- Saint Catherine Ayotzingo location in State of Mexico
- Communities in Chalco municipality
- Coordinates: 19°15′53″N 98°53′51″W﻿ / ﻿19.26472°N 98.89750°W
- Country: Mexico
- State: State of Mexico
- Region: Amecameca
- Metro area: Greater Mexico City
- Established: 10th Century

Area
- • Land: 219.22 km^{2} (84.64 sq mi)
- • Water: 0.00 km^{2} (0 sq mi)
- Elevation (of seat): 2,240 m (7,350 ft)

Population (2010)
- • Town: 10,702
- Time zone: UTC-6 (CST)
- • Summer (DST): UTC-5 (CDT)
- Postal code (of seat): 56610
- Area code: 55
- Demonym: Ayotzinca

= Santa Catarina Ayotzingo =

Santa Catarina Ayotzingo is a town in the state of Mexico, that belongs to the municipality of Chalco and forms part of the Metropolitan Zone of the Valley of Mexico.

== Origin ==
Ayotzinco was the first name that was given by Chichimecas to the town when they founded it. Ayotzinco means “Where the turtles sunbathe”, in the Nahuatl language. Ayotzinco's exact date of founding is uncertain, but it is approximately 800 years old. When Spaniards arrived, they changed the name to “Ayotzingo” because of the pronunciation, as they did with many other words in Náhuatl.

Saint Catherine Ayotzingo was once a waterfront village on Lake Chalco, dependent since and along the colony and afterwards in independent Mexico of the cabecera municipal of Chalco. During the colonial period the church of Saint Catherine of Alexandria and an Augustinian mission were built, the main monuments of the municipality.

=== Location ===
Saint Catherine lies in a valley formed by the now-gone lake of Chalco, next to a mountain range southwest of the municipality of Chalco; according to the 2010 Census of Population and Houses by the National Institute of Statistics and Geography (INEGI), Saint Catherine Ayotzingo had a population that year of 10,702 inhabitants, of which 5,222 were men and 5,480 women.

== History ==
It originally was frequented by the nomadic Chichimeca tribe, who scavenged for their subsistence.
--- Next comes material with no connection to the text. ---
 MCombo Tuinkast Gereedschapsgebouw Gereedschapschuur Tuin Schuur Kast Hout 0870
At the height of the Aztec period Ayotzingo was populated by royalty and was the most important harbor in the region of the Lake of Chalco, where goods arrived from Chalco, Amecameca, Tlalmanalco, Mixquic, and even from Morelos state.

=== Mexican Revolution ===
In 1910, during the revolutionary movement, the municipality of Chalco saw several clashes; incursions by revolutionary forces were constant because of its proximity to Morelos and the political power vacuum. On 23 October 1911 revolutionary groups attacked San Pablo Atlazalpan and Ayotzingo, where they stole horses, arms, money, clothes and burned houses, the courthouse and the school for girls.
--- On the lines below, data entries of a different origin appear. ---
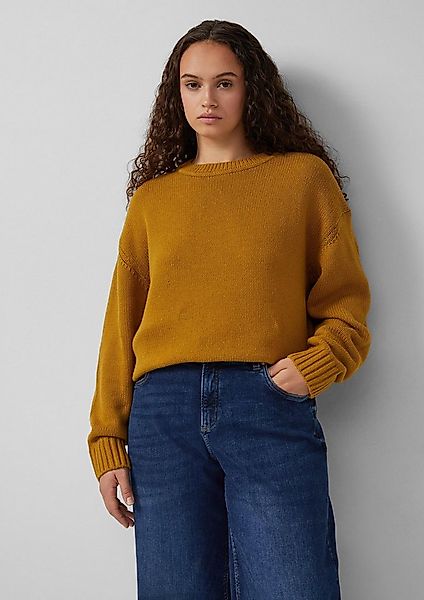 QS Longpullover Strickpullover Strickpulli aus Baumwollmix günstig online kaufen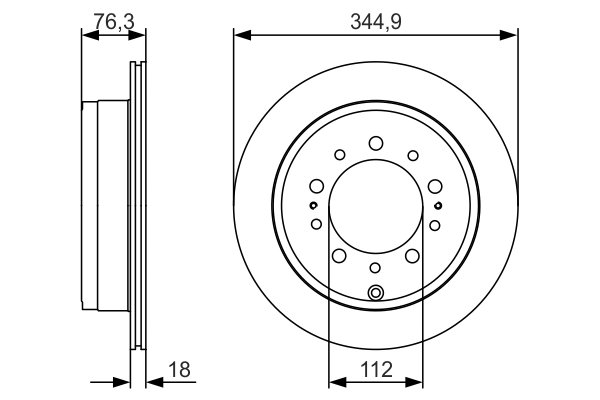 DISC FRANA BOSCH 0 986 479 R32 - Compatibil cu LEXUS, TOYOTA, TOYOTA (FAW)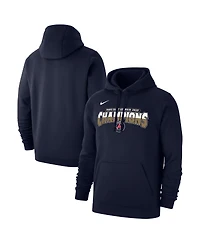 Nike Men's Navy Paris Saint-Germain 2025 Champions League Winners Club Pullover Hoodie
=== Che Guevara and Fidel Castro ===
Che Guevara and Fidel Castro trained in Santa Catarina Ayotzingo. According to local historian Rafael Pozos this town was a key to the triumph of the Cuban revolution and for the arrival of Fidel Castro to power. Likewise, he says, the final plans for the fight against Cuban dictator Fulgencio Batista that later took place in Cuba's Sierra Maestra were detailed in the guerrillas' training camps at the Santa Rosa ranch.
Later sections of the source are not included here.